I have several proxy rule files for Squid, and all contain rules like:
acl blacklisted dstdom_regex ^.*facebook\.* ^.*youtube\.* ^.*games.yahoo.com\.*
The patterns match against the domain name: dstdom_regex means destination (server) regular expression pattern matching.
The objective is to block some websites, but I don't know by what method: domain name, keywords in the domain name, ...
Let's expand/describe the pattern:
^.*stackexchange\.* The whole pattern
^ String beginning
.* Match anything (greedy quantifier, I presume)
stackexchange Keyword to match
\.* Any number of dots (.)
Totally legitimate matches:
stackexchange.com
: The Stack Exchange website.stackoverflow.stackexchange
: The imaginary Stack Exchange gTLD.
But these possible matches make it seem more like a keyword block:
stackexchange
stackexchanger
notstackexchange
not-stackexchange
some-website.stackexchange
some-website.stackexchange-tld
And the pattern seems to contain a bug, since it allows the following invalid cases to match, thanks to the \.*
at the end, although they never naturally occur:
stackexchange.
stackexchange...
stackexchange..........
stackexchange.......com
stackexchange.com
stackexchangecom
- you get the idea.
Anything containing stackexchange
, even if separated by dots from everything else, is still a valid match.

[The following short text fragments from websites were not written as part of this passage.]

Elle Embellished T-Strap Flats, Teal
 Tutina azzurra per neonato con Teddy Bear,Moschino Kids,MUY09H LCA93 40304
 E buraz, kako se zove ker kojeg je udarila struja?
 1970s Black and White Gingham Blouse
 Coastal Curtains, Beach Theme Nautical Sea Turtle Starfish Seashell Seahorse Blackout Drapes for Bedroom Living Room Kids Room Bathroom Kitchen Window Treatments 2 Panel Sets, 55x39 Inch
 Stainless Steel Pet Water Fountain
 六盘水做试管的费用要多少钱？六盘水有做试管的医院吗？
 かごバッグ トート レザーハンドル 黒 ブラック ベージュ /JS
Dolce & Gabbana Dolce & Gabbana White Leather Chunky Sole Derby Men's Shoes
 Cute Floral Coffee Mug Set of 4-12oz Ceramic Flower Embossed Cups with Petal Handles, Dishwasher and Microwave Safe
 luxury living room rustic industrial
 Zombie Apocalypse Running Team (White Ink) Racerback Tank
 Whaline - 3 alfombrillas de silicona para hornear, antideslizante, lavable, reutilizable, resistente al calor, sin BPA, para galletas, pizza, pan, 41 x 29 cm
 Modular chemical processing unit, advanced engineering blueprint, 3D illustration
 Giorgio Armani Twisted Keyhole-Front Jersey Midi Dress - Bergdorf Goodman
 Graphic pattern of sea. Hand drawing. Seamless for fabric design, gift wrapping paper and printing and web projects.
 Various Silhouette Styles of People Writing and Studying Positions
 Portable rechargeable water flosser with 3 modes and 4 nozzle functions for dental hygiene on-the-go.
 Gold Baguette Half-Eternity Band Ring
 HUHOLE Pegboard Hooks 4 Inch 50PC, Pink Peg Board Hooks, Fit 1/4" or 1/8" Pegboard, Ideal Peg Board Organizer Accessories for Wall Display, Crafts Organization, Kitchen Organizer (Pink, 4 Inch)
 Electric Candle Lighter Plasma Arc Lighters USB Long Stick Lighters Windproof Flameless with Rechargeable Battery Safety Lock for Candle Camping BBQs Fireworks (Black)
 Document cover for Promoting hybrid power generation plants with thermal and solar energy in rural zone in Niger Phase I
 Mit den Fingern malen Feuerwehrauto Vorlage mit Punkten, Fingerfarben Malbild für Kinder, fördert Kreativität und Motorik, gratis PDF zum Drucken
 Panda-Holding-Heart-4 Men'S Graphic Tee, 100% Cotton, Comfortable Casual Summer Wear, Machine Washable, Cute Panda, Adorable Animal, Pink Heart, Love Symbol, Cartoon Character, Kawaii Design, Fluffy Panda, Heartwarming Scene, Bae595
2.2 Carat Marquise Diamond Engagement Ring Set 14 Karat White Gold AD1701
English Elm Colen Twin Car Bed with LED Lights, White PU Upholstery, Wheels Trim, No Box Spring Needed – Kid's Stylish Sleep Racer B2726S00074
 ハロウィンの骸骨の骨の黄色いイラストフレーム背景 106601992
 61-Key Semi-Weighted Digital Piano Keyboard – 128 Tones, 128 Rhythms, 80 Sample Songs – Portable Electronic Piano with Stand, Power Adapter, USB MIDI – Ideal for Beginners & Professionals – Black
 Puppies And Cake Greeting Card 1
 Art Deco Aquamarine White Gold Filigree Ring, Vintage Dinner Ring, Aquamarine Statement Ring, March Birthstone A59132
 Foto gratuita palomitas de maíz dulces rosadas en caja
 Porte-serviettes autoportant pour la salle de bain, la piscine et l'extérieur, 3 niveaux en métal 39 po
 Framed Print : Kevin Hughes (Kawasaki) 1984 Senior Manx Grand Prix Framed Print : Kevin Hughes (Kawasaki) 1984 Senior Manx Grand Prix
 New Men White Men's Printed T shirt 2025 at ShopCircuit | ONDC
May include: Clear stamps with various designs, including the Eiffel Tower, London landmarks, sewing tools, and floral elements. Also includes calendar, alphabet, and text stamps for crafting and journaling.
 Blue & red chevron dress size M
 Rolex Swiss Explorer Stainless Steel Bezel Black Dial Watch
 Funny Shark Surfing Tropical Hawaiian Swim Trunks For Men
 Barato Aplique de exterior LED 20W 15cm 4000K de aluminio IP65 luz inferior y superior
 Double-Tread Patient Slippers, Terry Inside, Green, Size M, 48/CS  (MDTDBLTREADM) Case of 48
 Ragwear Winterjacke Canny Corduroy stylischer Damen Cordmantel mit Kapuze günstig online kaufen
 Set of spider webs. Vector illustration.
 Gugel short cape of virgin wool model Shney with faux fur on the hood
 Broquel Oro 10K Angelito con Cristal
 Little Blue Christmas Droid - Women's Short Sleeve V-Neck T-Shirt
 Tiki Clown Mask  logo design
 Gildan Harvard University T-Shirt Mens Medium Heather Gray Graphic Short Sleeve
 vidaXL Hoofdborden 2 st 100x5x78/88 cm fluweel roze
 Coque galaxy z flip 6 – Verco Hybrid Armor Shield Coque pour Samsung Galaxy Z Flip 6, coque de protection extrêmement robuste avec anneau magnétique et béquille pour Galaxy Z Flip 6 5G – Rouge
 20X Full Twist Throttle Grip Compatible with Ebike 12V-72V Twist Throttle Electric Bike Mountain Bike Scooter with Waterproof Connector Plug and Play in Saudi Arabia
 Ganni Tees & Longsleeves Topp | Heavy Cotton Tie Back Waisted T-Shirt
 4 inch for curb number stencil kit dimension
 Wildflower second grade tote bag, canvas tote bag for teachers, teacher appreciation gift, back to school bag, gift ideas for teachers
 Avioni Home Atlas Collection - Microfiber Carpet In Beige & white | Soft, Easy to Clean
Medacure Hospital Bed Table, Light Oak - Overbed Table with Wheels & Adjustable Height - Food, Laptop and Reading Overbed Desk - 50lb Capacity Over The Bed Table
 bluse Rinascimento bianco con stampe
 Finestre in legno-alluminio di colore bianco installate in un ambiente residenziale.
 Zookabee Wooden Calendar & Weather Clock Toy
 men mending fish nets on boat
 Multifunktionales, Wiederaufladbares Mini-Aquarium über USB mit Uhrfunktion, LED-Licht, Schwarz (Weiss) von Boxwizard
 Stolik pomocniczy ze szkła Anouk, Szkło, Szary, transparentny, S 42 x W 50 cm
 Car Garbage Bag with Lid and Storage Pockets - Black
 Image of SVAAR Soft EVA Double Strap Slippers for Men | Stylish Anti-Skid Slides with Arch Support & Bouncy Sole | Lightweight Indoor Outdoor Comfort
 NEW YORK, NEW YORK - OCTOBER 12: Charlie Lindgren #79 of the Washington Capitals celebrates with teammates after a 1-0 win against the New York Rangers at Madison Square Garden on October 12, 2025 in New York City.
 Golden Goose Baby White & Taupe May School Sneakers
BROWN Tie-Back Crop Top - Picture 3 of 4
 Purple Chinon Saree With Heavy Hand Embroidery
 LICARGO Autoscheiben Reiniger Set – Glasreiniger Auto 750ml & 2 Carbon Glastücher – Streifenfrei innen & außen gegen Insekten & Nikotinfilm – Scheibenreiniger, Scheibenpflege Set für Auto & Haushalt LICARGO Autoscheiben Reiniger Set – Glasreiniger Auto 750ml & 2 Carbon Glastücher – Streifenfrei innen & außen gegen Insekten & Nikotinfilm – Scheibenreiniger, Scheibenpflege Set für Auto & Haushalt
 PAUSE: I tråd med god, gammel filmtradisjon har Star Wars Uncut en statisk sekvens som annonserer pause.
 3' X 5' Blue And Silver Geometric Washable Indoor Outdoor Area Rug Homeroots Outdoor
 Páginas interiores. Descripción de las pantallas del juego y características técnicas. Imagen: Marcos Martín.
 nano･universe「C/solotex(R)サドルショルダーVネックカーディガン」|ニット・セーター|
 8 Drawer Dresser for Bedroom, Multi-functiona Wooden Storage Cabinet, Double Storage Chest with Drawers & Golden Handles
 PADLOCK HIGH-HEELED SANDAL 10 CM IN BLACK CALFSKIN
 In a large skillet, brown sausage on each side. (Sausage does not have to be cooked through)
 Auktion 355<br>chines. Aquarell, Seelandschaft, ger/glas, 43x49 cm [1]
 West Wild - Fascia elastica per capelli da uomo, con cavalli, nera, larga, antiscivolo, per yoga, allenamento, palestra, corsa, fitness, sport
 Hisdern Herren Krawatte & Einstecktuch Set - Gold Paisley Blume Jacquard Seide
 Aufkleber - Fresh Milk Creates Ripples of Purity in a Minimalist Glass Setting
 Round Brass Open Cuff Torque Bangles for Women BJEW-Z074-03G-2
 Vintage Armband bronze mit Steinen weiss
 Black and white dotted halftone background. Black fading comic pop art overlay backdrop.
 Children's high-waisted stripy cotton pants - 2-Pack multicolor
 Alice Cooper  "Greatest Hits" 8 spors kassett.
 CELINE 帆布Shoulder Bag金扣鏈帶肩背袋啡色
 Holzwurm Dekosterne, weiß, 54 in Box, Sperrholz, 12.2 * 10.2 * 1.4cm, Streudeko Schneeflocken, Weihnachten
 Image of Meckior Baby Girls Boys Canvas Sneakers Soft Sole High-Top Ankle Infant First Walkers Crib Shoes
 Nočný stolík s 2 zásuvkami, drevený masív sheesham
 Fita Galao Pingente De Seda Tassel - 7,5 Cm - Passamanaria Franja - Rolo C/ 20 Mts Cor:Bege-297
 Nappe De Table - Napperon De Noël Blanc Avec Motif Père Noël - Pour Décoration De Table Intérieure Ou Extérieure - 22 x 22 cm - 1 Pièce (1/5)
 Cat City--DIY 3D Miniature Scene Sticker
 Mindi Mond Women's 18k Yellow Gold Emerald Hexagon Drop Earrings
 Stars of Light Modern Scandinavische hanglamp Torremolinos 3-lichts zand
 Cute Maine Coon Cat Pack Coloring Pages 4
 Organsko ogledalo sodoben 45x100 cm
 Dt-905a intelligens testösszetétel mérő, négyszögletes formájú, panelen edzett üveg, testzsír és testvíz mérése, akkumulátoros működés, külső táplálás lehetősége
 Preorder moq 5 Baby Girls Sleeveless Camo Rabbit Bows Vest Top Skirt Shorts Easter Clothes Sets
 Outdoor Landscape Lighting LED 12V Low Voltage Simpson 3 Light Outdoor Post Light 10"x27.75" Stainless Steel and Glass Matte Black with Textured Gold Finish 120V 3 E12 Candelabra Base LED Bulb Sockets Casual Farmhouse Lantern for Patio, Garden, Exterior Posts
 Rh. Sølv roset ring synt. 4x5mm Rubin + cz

So now, the question itself:
This all means that this is simply a match for stackexchange
! (I'm assuming the original author didn't intend to match infinite dots.)
So why not just use the pattern stackexchange
? Wouldn't it be faster and give the same results, except for the "bug" (\.*
)?
I.e., isn't ^.*stackexchange
equivalent to stackexchange
?
Edit: Just to clarify, I didn't write those proxy rule files.